Не следует без нужды рисковать и дразнить Боливара. Пусть он с миром уйдет.
В эти годы стране никто не поможет, кроме него — Франсиско де Паула Сантандера.
Довольно рефлексии; надо еще проверить почту. Газеты следует прочитать по порядку и внимательно. Не следует забывать, что свобода печати, неловкая для властителей, имеет и свои преимущества; он должен освоить реальное положение здесь и в провинциях. К черту новости из Перу, Эквадора, Венесуэлы; нет, не до вас. Разбирайтесь там сами: Паэсы и прочие. Кстати, Паэс верховодит в Венесуэле; но черт с ним. Нет, не до вас. Меня занимает Новая Гранада, моя земля. Я назову ее просто Колумбией. Нет, пусть пока будет Новой Гранадой. А после уж назовут Колумбией. К черту ныне пышные имена, даже без слова «Великая»; нет, нам пока не до этого.
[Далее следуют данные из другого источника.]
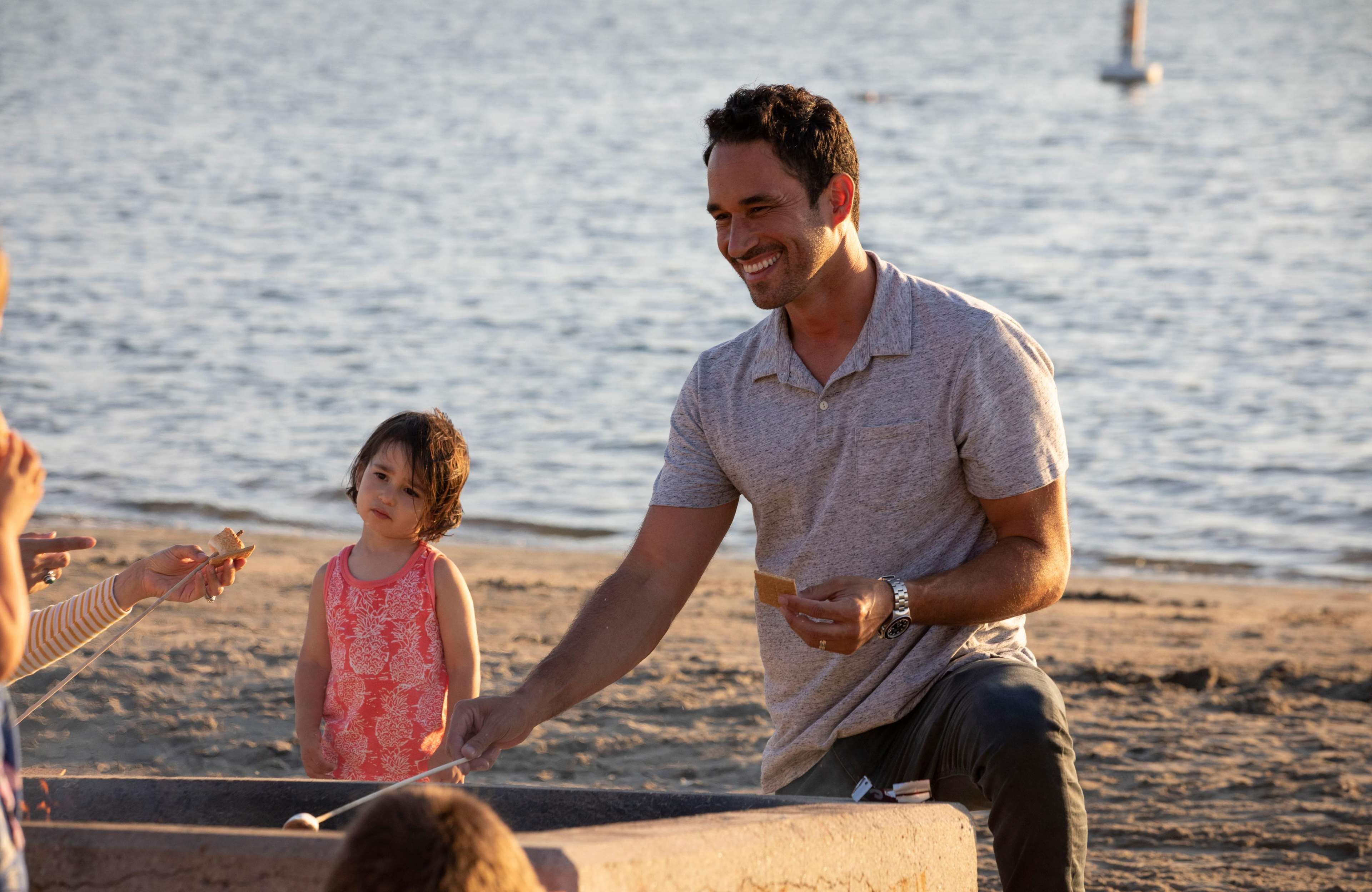 A man and a child on a beach with a body of water in the background.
Так, понятно. Врут они и при свободе печати; но все же за строчками ясно, что там на самом деле.
О боже, все же чрезмерно они шумят.
Эти отвратительные ставни, когда их делали?
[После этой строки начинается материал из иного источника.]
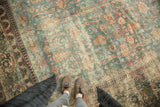 Distressed antique Persian Khorassan carpet with faded denim blue field, ivory scrolling palmettes.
Сопровождаемый двумя спутниками, бездумно глядящий под ноги, желтый, все время покашливающий и жестоко сутулый, весь ссохшийся и ушедший в землю, брел по дороге, обросшей с обеих сторон кустами можжевельника и альпийской розы, Освободитель Симон Боливар.
Изгнанный конгрессами из Венесуэлы, Перу, Эквадора, из Боготы, он имел возможность двинуть преданные ему армии — солдаты и многие генералы по-прежнему поклонялись ему — на эти мятежные города, презирающие и топчущие свободу; он мог оказать давление на конгресс Боготы, в котором на данный момент председательствовал верный и преданный Освободителю Сукре (именно он был одним из двоих, понуро шагавших по каменистой дороге вслед за своим кумиром, президентом и генералом); он мог дождаться, пока твердокаменный Урданета все подготовит с новым переворотом в новогранадском конгрессе и вновь предложит своему господу богу, Боливару, власть президента; он все это мог.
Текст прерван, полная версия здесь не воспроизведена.